Sobre ser o que eu quero para mim.
"Relacionamentos são extremamente complicados e meu cachorro sabe disso...”
Sempre discordei desse pensamento. Relacionamentos são o que as pessoas o tornam, e, pessoas são complicadas...
A maior parte da minha vida eu vivi “sozinha” (entende-se por sozinha sem um parceiro romântico). Primeiro um relacionamento com um amigo bissexual, à distância. Eu não estava preparada para aquela conversa. Em seguida muitas tentativas de me relacionar com caras, ou melhor, com a ideia que eu fazia dos caras...
Quase dois anos depois, um namoro “perfeitinho”, tipo filme de comédia romântica ou clipe de banda indie. Um sonho, que como todo sonho, acaba...
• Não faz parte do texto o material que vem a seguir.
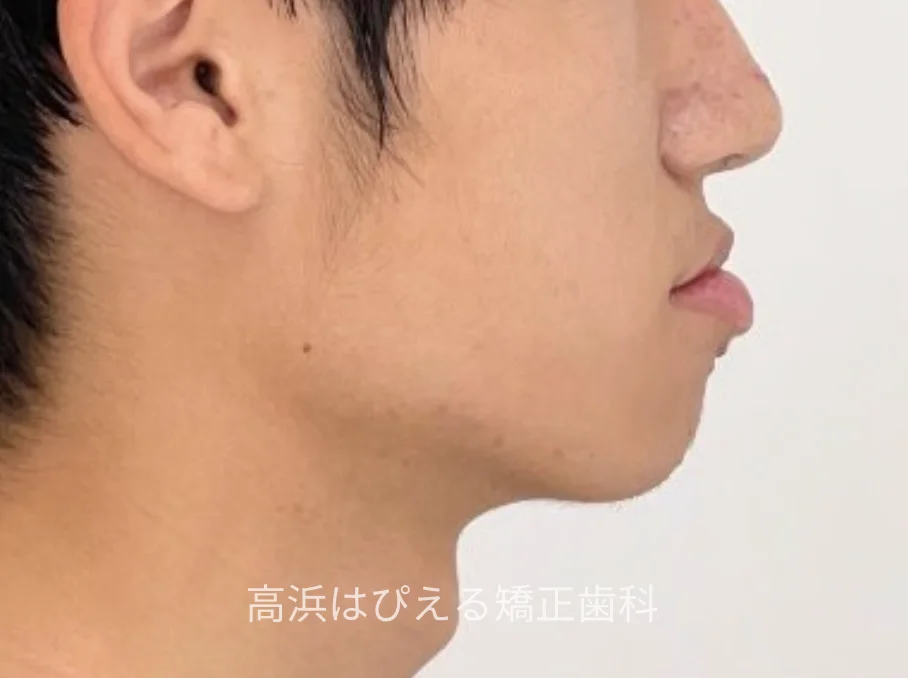 10代男性の受け口症例の治療前の横顔写真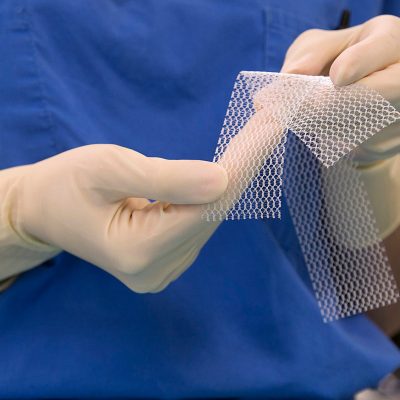 New vaginal mesh guidelines ‘insufficient’ and potentially harmful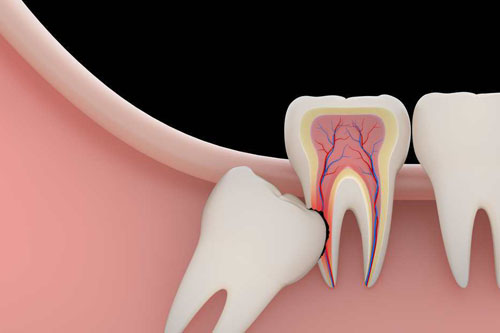 Ilustración de dientes mostrando la anatomía dental con enfoque en la raíz, relevante para tratamientos de endodoncia en La Clínica Dental Guadalajara.
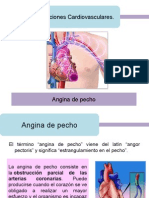 Angina de Pecho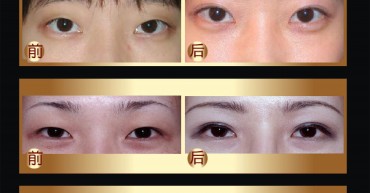 美容外科对比图_页面_56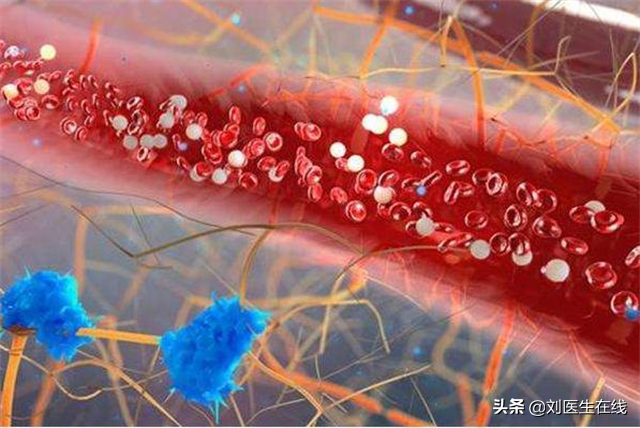 低密度胆固醇偏高怎么回事？详解低密度脂蛋白超标原因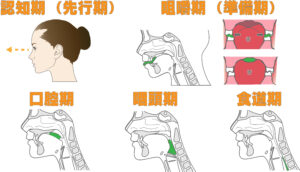 宇治市　歯医者　swallowing　なかむら歯科医院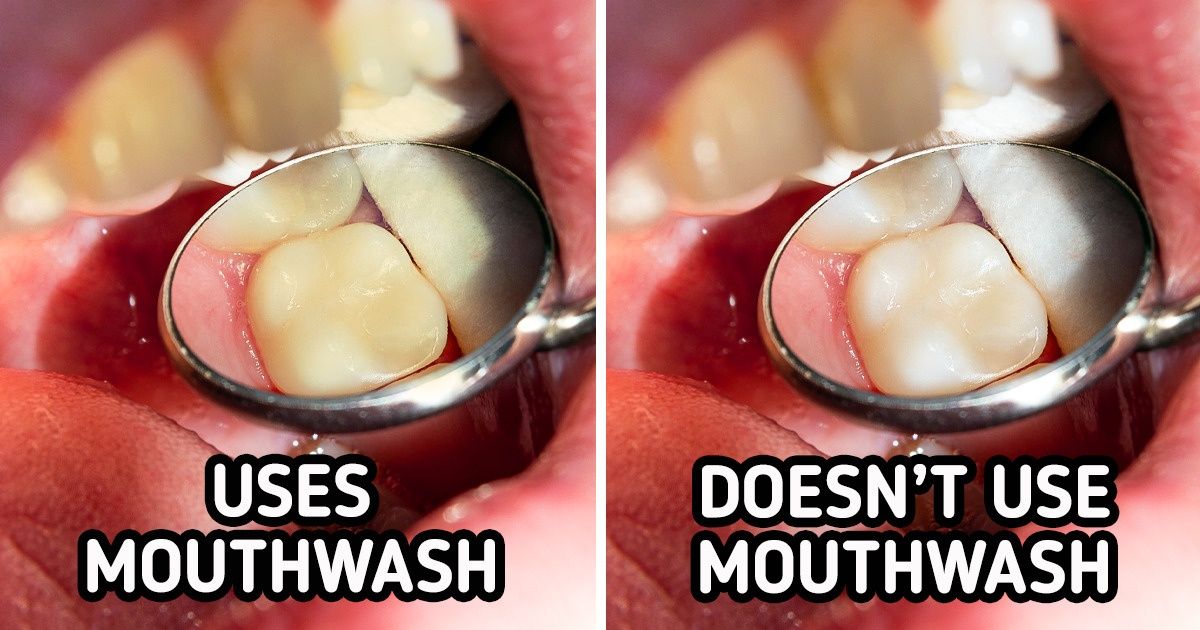 6 Daily Habits That Are Staining Your Teeth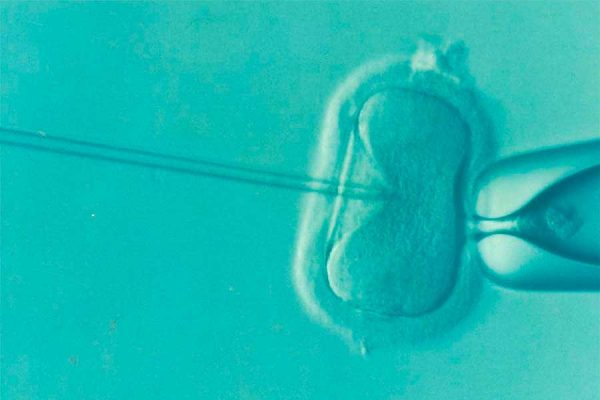 Diferencia entre fiv e isci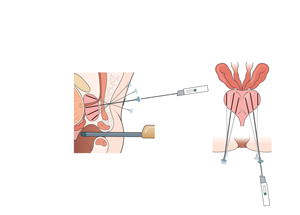 CamPROBE Trial Diagram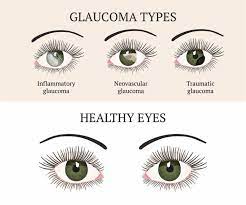 Pin On Eye Health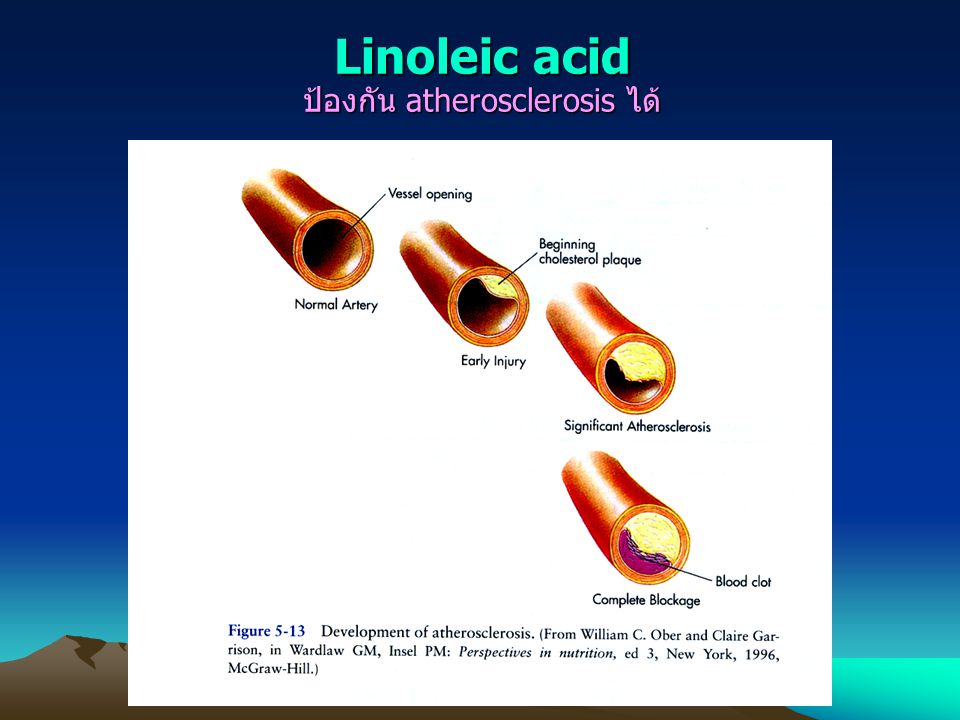 Linoleic acid ป้องกัน atherosclerosis ได้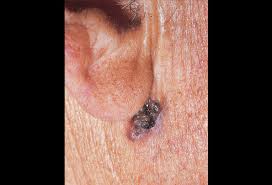Certain other types of cancer, including … Skin Cancer Picture Image On Medicinenet Com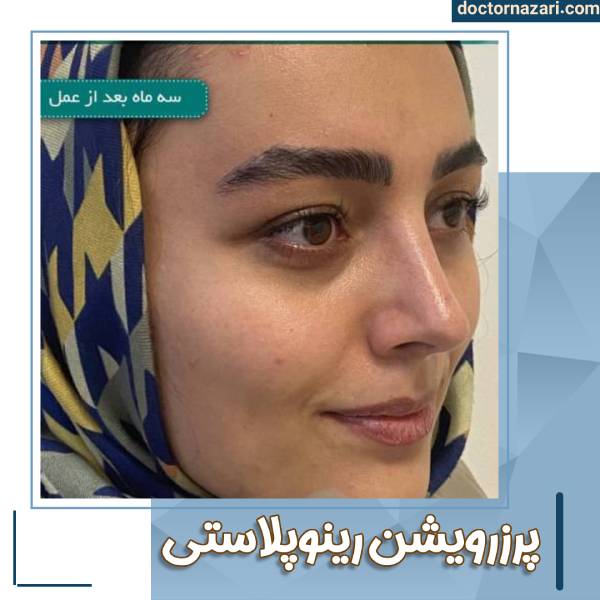 پرزرویشن رینوپلاستی در تبریز با دکتر نظری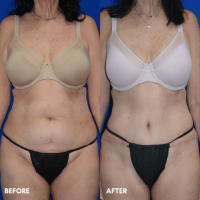 OLD FMPS B&A Template - TT w/ flank lipo OLD FMPS B&A Template - TT w/ flank lipo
Continuei sofrendo, me culpando por escolher caras imaturos (gente que nunca está numa fase para se relacionar), covardes (gente que gosta de você mas não te assume, afinal, você passa longe do padrão de beleza eurocentrado, é mãe solo e feminista e independente demais para uma cidade pequena) e canalhas. Ou tentando “consertar” o que havia de errado em mim para eu não conseguir “prender” ninguém (usar salto, fazer as unhas, alisar o cabelo, sair menos, ficar com menos pessoas).
Nesse meio tempo descobri duas pessoas que me amaram. Me deixei levar pela experiência de ser adorada e mimada (afinal, a maioria das mulheres negras não são acostumadas com isso), mas ser amada por pessoas que nem de longe superavam minhas expectativas, obviamente não foi o suficiente. Quando identifiquei que esse era o motivo para não seguir adiante nesses dois relacionamentos, me senti horrível “meus deuses! Estou me achando demais...” Mas não é por aí. Se eu me cuido, quero alguém que se cuida. Se eu me esforço para vencer minhas batalhas diárias, não quero alguém que tá parado esperando a vida o levar.
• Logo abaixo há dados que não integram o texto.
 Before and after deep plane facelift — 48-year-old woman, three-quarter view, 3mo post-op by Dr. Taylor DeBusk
Iniciei uma jornada em busca do autoconhecimento, comecei a compreender que devemos aprender a nos cuidar antes de amar imensamente outra pessoa. E que temos que desromantizar as relações baseadas em expectativas do outro ser o que eu quero para mim.
1 - Descobri que sou mais linda e incrível do que a sociedade me faz acreditar ser.
2 - Descobri que tenho medo de intimidade, o que presume julgamentos. Minha autoestima era tão baixa, que acreditava que quando alguém me conhecesse de verdade, não se interessaria mais por mim.
3- Descobri também que me apaixono pela ideia que faço das pessoas. E quando essa ideia vai se desmanchando, perco interesse (como se tivesse sido enganada. O que se relaciona muito com a descoberta anterior).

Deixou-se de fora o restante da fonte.